A recent Government Accountability Office (GAO) audit of our schools’ ability to receive and enact food recalls demonstrated that the current system is highly flawed in its reaction time to potential dangerous recalls putting more that 30 million school aged children at risk of contracting debilitating and sometimes deadly foodborne illnesses. The lack of communication between regulatory and investigative agencies such as the FDA and schools created a situation where schools continued to serve contaminated product in their cafeterias for up to a week after the important recall notices we made available to the public.

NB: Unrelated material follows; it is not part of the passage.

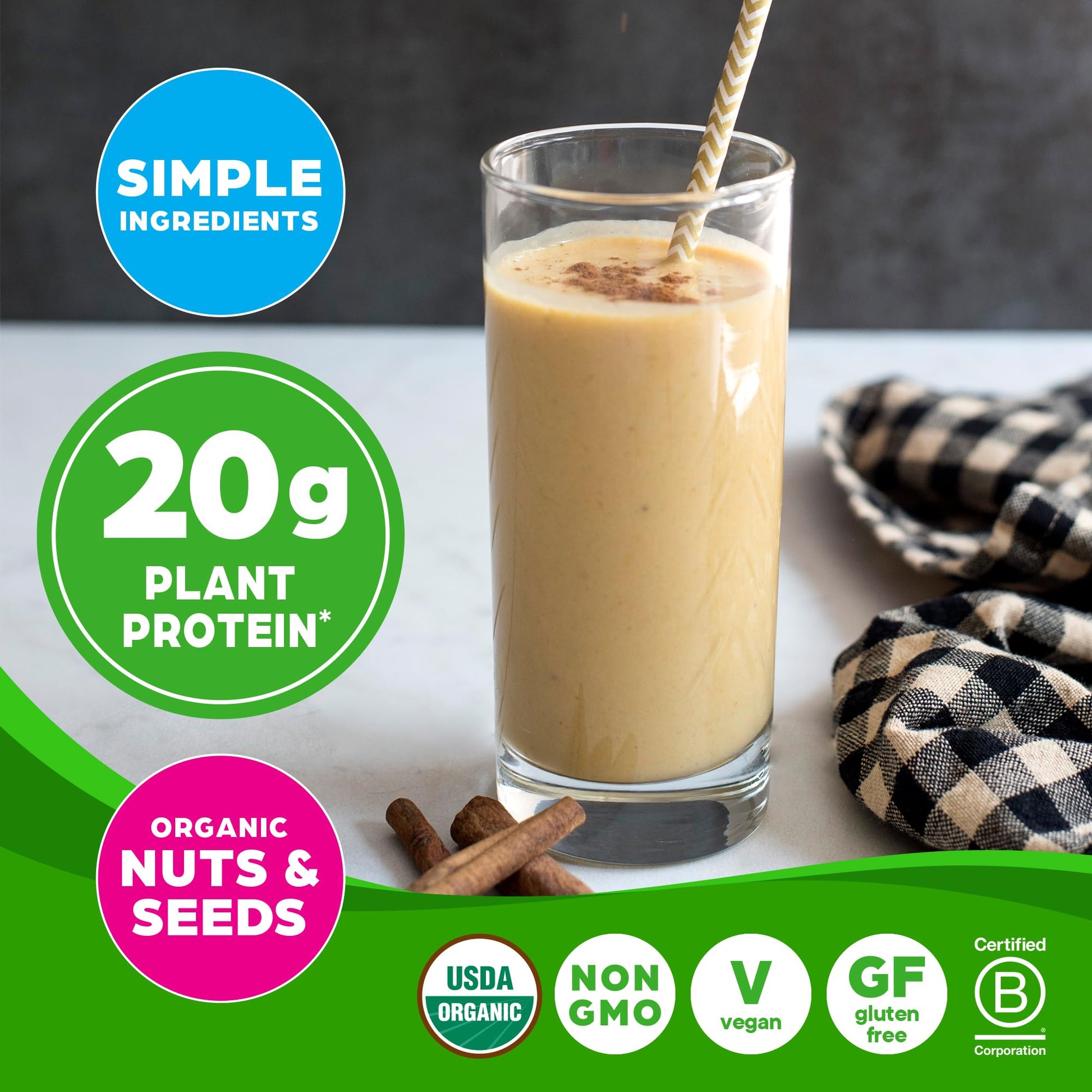 Orgain Organic Simple Vegan Protein Powder, Vanilla - 20g Plant Based Protein, Made with less Ingredients, No Artificial Sweeteners, Gluten Free, No Dairy or Lactose, 1.25 lb (Packaging May Vary) Orgain buy australia supplements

The audit focused heavily on the Peanut Corporation of America’s 2008 national recall of Salmonella contaminated peanuts and peanut butter related to one of its processing facilities in Georgia. The audit pointed out how a miscommunication surrounding the manufacture dates for PCA related products led to 246 students contracting salmonellosis, an infection of Salmonella bacteria, and as many as 46 were hospitalized from their salmonellosis complications.

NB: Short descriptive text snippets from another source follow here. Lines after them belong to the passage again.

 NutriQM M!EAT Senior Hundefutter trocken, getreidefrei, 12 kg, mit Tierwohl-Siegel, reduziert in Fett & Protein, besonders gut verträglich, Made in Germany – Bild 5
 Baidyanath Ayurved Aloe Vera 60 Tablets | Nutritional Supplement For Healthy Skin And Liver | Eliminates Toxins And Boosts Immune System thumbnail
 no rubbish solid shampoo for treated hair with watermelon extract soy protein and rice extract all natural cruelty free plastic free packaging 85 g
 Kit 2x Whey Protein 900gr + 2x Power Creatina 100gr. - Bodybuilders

Rep. Rosa DeLauro who chairs the House Appropriations subcommittee on agriculture stated, “It is absolutely essential that food recalls affecting schools are carried out quickly and effectively because children are most vulnerable to becoming seriously ill from food-borne illness outbreaks.”

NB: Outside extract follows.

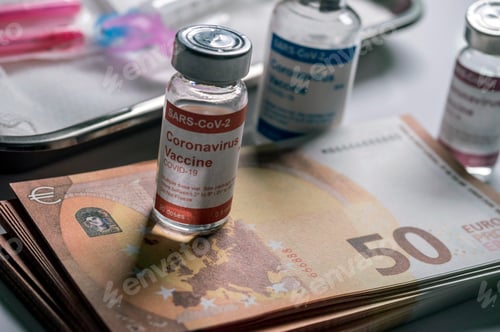 Preview: Coronavirus vial on euro banknotes, conceptual image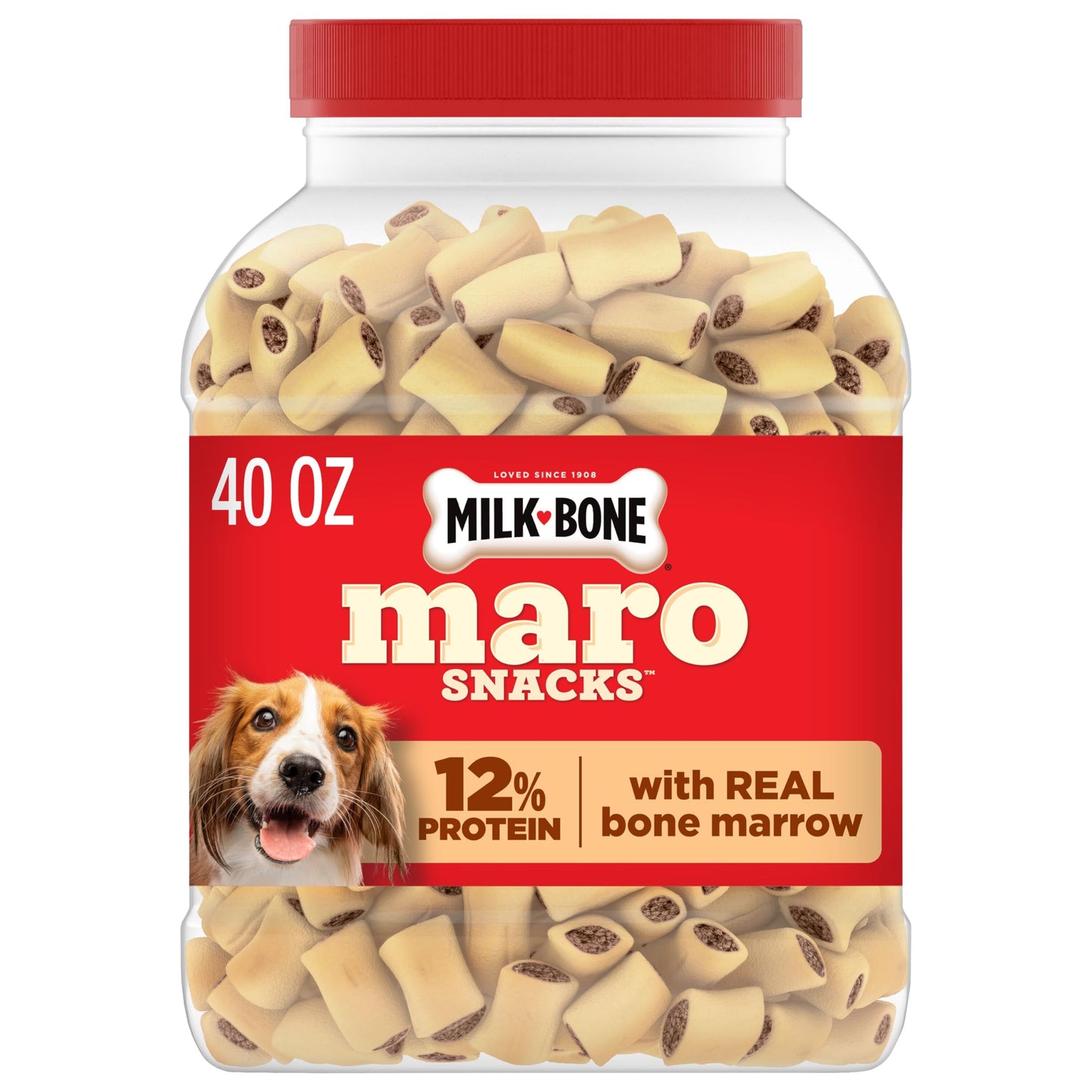 HOTMilk-Bone MaroSnacks Small Dog Treats with Real Bone Marrow, 40 Oz. Canister | Dog treats with 12% protein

In response to the audit, Agriculture Secretary Tom Vilsack issued a written response ensuring that the safety of school meals is of “utmost importance” for the agriculture department and the government is developing a formal system to get advance notice when the FDA is investigating food-safety concerns that could lead to recalls. He also promised new policies and guidelines to improve communication with states and schools.
So far, the Obama admistration has made a lot of promises regarding food safety in the United States, from new guidelines regarding high risk foods to the promise of improved reaction time and better interagency communication, the goals have been set high. The unfortunate part is that high goals are not enough. There are supposedly a stringent set of rules already in place for the food suppliers responsible for the school lunch programs. But still, we are dealing with situations that shouldn’t be an issue of figuring out how to keep these food poisoning incidents from occurring again as much as focusing on preventing school lunch outbreaks from ever occurring in the first place.
Foodborne illness is very adept at attacking children and children are especially susceptible to the severe complications of food poisoning such as hemolytic uremic syndrome (HUS), a potentially fatal blood disease that is often related to an infection of E. coli. Hemolytic uremic syndrome (HUS) is the leading cause of acute kidney failure for children in the U.S. There is so much to worry about when you child goes off to school; your child’s lunch shouldn’t be one of them.